What this task involves = Retype the entries exactly, keeping every line intact.

Entries provided =

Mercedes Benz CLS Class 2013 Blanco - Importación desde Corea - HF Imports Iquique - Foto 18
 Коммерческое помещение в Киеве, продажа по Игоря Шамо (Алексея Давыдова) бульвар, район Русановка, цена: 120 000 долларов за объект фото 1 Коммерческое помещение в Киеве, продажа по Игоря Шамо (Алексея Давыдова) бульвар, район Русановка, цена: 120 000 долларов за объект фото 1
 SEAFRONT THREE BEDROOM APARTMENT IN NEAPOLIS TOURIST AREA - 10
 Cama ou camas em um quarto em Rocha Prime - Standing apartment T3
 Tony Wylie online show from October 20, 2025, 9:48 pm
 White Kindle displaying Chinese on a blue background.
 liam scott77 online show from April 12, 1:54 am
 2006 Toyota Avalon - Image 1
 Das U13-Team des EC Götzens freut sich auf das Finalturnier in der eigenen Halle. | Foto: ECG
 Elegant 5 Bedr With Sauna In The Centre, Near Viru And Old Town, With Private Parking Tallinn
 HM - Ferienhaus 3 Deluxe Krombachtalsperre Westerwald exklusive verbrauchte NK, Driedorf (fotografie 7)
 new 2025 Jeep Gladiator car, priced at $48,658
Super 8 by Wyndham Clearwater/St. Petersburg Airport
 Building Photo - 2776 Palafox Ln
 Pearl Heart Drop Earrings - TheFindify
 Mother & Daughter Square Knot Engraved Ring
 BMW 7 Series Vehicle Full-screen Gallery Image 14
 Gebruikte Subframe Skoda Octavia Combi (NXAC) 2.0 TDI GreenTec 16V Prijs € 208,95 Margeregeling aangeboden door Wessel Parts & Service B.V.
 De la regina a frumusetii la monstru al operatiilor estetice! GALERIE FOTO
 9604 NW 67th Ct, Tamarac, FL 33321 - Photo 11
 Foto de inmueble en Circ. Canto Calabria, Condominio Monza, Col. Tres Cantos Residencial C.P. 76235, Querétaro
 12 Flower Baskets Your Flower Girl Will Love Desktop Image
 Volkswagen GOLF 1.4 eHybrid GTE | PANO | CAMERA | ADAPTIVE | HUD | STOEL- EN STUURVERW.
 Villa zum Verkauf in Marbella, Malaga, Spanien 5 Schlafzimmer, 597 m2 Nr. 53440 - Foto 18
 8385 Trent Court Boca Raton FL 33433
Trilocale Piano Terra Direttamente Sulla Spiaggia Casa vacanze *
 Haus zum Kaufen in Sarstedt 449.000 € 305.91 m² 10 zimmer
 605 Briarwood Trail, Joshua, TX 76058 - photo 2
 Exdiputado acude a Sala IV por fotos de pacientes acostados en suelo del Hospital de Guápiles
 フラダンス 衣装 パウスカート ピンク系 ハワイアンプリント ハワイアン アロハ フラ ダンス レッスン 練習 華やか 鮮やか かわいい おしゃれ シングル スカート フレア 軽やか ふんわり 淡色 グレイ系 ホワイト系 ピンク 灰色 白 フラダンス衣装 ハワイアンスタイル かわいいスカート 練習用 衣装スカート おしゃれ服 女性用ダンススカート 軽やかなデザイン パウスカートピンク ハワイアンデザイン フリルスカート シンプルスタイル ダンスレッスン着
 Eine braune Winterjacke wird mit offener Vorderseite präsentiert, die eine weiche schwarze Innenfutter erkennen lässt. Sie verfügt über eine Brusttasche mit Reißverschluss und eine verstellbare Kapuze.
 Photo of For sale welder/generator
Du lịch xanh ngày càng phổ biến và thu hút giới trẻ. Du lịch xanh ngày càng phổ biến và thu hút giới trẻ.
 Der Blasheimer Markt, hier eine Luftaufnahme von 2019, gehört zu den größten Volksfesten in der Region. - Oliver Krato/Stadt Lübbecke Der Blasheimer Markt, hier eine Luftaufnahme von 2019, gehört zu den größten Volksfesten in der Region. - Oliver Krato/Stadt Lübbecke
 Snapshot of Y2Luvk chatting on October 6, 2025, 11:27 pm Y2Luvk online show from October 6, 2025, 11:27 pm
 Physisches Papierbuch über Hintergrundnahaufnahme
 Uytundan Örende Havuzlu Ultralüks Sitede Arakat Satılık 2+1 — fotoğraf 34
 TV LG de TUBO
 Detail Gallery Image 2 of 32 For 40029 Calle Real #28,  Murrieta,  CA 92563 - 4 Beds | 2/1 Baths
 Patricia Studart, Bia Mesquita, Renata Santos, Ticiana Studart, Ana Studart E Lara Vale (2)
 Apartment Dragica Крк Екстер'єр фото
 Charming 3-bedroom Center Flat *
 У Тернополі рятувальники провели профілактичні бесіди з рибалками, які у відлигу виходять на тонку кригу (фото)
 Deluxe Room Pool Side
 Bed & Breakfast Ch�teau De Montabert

Expected output =
Mercedes Benz CLS Class 2013 Blanco - Importación desde Corea - HF Imports Iquique - Foto 18
 Коммерческое помещение в Киеве, продажа по Игоря Шамо (Алексея Давыдова) бульвар, район Русановка, цена: 120 000 долларов за объект фото 1 Коммерческое помещение в Киеве, продажа по Игоря Шамо (Алексея Давыдова) бульвар, район Русановка, цена: 120 000 долларов за объект фото 1
 SEAFRONT THREE BEDROOM APARTMENT IN NEAPOLIS TOURIST AREA - 10
 Cama ou camas em um quarto em Rocha Prime - Standing apartment T3
 Tony Wylie online show from October 20, 2025, 9:48 pm
 White Kindle displaying Chinese on a blue background.
 liam scott77 online show from April 12, 1:54 am
 2006 Toyota Avalon - Image 1
 Das U13-Team des EC Götzens freut sich auf das Finalturnier in der eigenen Halle. | Foto: ECG
 Elegant 5 Bedr With Sauna In The Centre, Near Viru And Old Town, With Private Parking Tallinn
 HM - Ferienhaus 3 Deluxe Krombachtalsperre Westerwald exklusive verbrauchte NK, Driedorf (fotografie 7)
 new 2025 Jeep Gladiator car, priced at $48,658
Super 8 by Wyndham Clearwater/St. Petersburg Airport
 Building Photo - 2776 Palafox Ln
 Pearl Heart Drop Earrings - TheFindify
 Mother & Daughter Square Knot Engraved Ring
 BMW 7 Series Vehicle Full-screen Gallery Image 14
 Gebruikte Subframe Skoda Octavia Combi (NXAC) 2.0 TDI GreenTec 16V Prijs € 208,95 Margeregeling aangeboden door Wessel Parts & Service B.V.
 De la regina a frumusetii la monstru al operatiilor estetice! GALERIE FOTO
 9604 NW 67th Ct, Tamarac, FL 33321 - Photo 11
 Foto de inmueble en Circ. Canto Calabria, Condominio Monza, Col. Tres Cantos Residencial C.P. 76235, Querétaro
 12 Flower Baskets Your Flower Girl Will Love Desktop Image
 Volkswagen GOLF 1.4 eHybrid GTE | PANO | CAMERA | ADAPTIVE | HUD | STOEL- EN STUURVERW.
 Villa zum Verkauf in Marbella, Malaga, Spanien 5 Schlafzimmer, 597 m2 Nr. 53440 - Foto 18
 8385 Trent Court Boca Raton FL 33433
Trilocale Piano Terra Direttamente Sulla Spiaggia Casa vacanze *
 Haus zum Kaufen in Sarstedt 449.000 € 305.91 m² 10 zimmer
 605 Briarwood Trail, Joshua, TX 76058 - photo 2
 Exdiputado acude a Sala IV por fotos de pacientes acostados en suelo del Hospital de Guápiles
 フラダンス 衣装 パウスカート ピンク系 ハワイアンプリント ハワイアン アロハ フラ ダンス レッスン 練習 華やか 鮮やか かわいい おしゃれ シングル スカート フレア 軽やか ふんわり 淡色 グレイ系 ホワイト系 ピンク 灰色 白 フラダンス衣装 ハワイアンスタイル かわいいスカート 練習用 衣装スカート おしゃれ服 女性用ダンススカート 軽やかなデザイン パウスカートピンク ハワイアンデザイン フリルスカート シンプルスタイル ダンスレッスン着
 Eine braune Winterjacke wird mit offener Vorderseite präsentiert, die eine weiche schwarze Innenfutter erkennen lässt. Sie verfügt über eine Brusttasche mit Reißverschluss und eine verstellbare Kapuze.
 Photo of For sale welder/generator
Du lịch xanh ngày càng phổ biến và thu hút giới trẻ. Du lịch xanh ngày càng phổ biến và thu hút giới trẻ.
 Der Blasheimer Markt, hier eine Luftaufnahme von 2019, gehört zu den größten Volksfesten in der Region. - Oliver Krato/Stadt Lübbecke Der Blasheimer Markt, hier eine Luftaufnahme von 2019, gehört zu den größten Volksfesten in der Region. - Oliver Krato/Stadt Lübbecke
 Snapshot of Y2Luvk chatting on October 6, 2025, 11:27 pm Y2Luvk online show from October 6, 2025, 11:27 pm
 Physisches Papierbuch über Hintergrundnahaufnahme
 Uytundan Örende Havuzlu Ultralüks Sitede Arakat Satılık 2+1 — fotoğraf 34
 TV LG de TUBO
 Detail Gallery Image 2 of 32 For 40029 Calle Real #28,  Murrieta,  CA 92563 - 4 Beds | 2/1 Baths
 Patricia Studart, Bia Mesquita, Renata Santos, Ticiana Studart, Ana Studart E Lara Vale (2)
 Apartment Dragica Крк Екстер'єр фото
 Charming 3-bedroom Center Flat *
 У Тернополі рятувальники провели профілактичні бесіди з рибалками, які у відлигу виходять на тонку кригу (фото)
 Deluxe Room Pool Side
 Bed & Breakfast Ch�teau De Montabert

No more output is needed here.